Por acaso de circunstâncias, sou também deste tempo de hoje. Sou deste tempo de
juízes criadores de “causas fracturantes”, de sentenças ou despachos (de
libertação ou de dispensa de pulseira para criminosos) auto-denunciadores de
mentalidade de outros tempos... ou sem tempo, ultra-reaccionária.
Sou do tempo que medeia estes dois tempos. Sou, também de todos os
entre-tempos, sempre atento e procurando intervir nesta área da condição das
mulheres na sociedade do seu (e nosso!) tempo.
Por isso, estive na criação (em 1968) do Movimento Democrático das
Mulheres, e suas primeiras iniciativas, por isso fui membro (e relator) da
comissão das mulheres no Parlamento Europeu.

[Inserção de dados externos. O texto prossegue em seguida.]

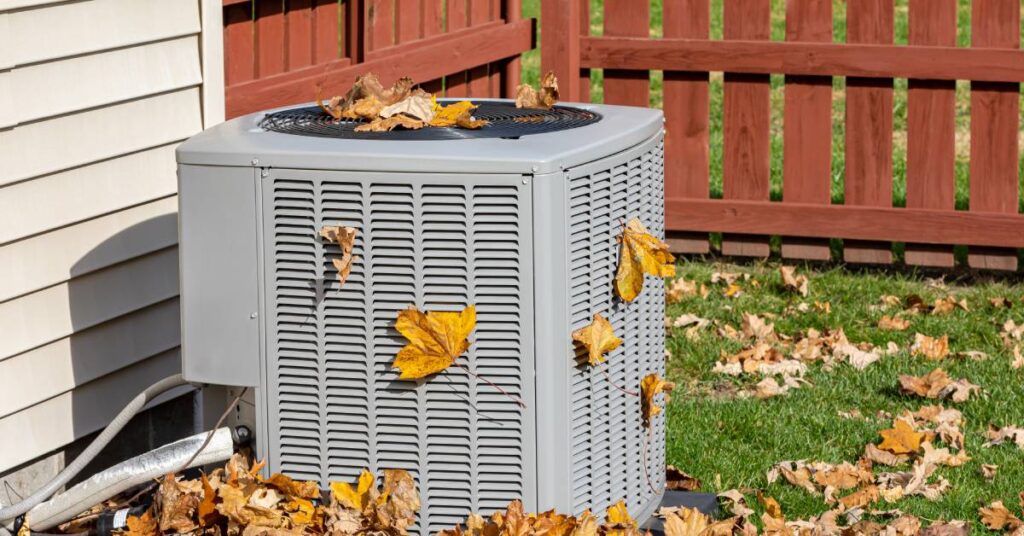 An air conditioner unit in the fenced-in yard of a house with beige siding. Brown leaves are lodged in the spaces of the unit.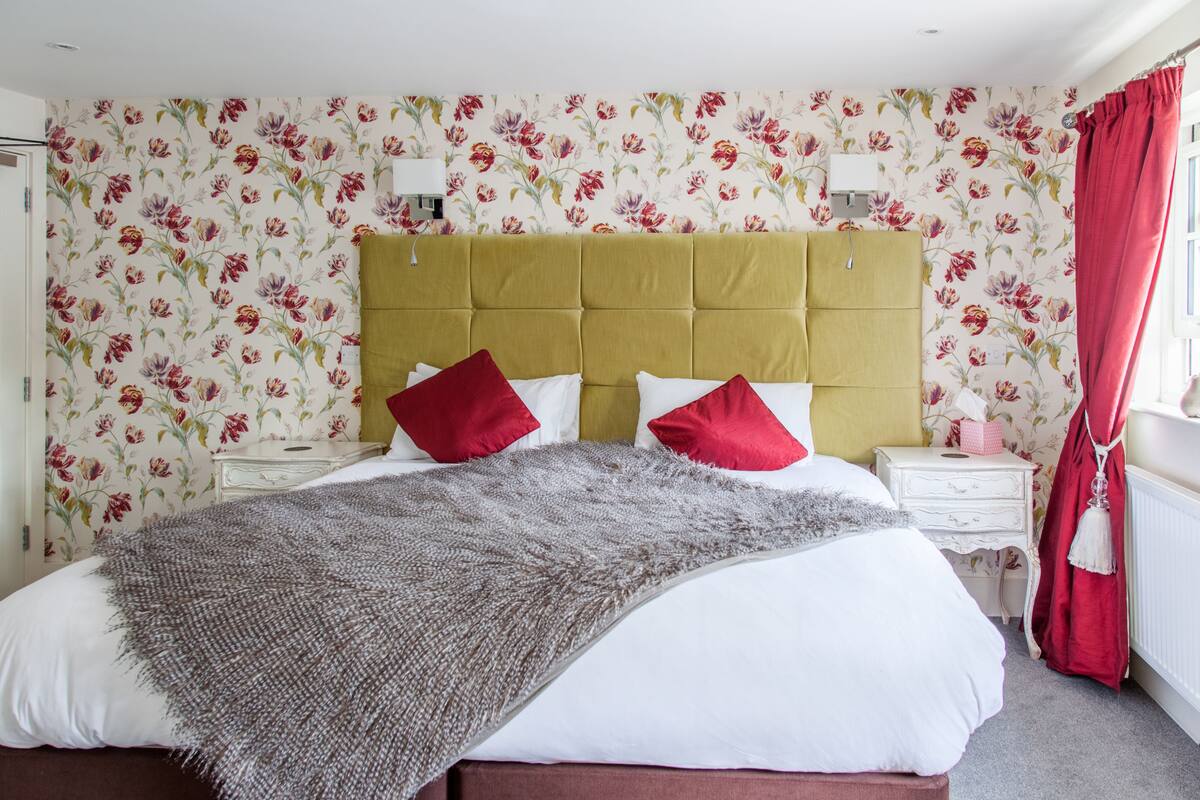 A bedroom with floral wallpaper, a tufted headboard, a bed with white and red bedding, a grey throw, and a nightstand with a lamp.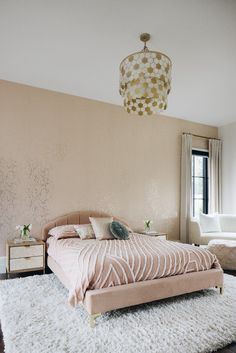 a bed room with a neatly made bed next to a window and a rug on the floor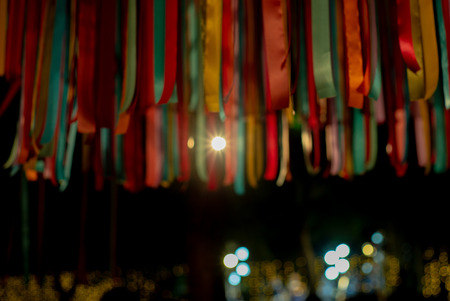 Abstract defocused colorful ribbons hanging from the roof for decoration in the celebration event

Por isso, me congratulei de a
violência doméstica ter passado, por lei, a ser considerada crime público.
Por isso, hoje se assinala, aqui, este dia.
Por isso, estarei na manifestação de 9 de Março de 2019.
Mas, atenção, não a partir de uma mobilização momentânea e mediática
contra um expiatório juiz (e suas posições), que não mais é que o infeliz reflexo
de uma mentalidade resquício não despiciendo do tempo que ainda vivemos.
Lembrarei o 8 de Março e estarei
nessa manifestação (e noutros actos) enquanto luta por uma outra sociedade, de
que expurguem as desumanas sequelas de séculos que foram e antecederam o século
que nos calhou viver (parte do XXº e este XXIº) e os que virão.
2 comentários:
És muito deste tempo, como és muito do tempo que viveste intensamente antes deste. E como toda essa herança de vivência se reflecte bem no excelente texto que escreves sobre estes dias de Março!
Este tempo que ainda é o nosso é quão diferente de outros tempos que também foram nossos?Nos entretantos dos tempos que nos foi dado percorrer,melhores momentos houve.Bjo.(Não vou à manifestação,com muita pena minha ,por "impedimento" de duas mulheres de outros tempos.)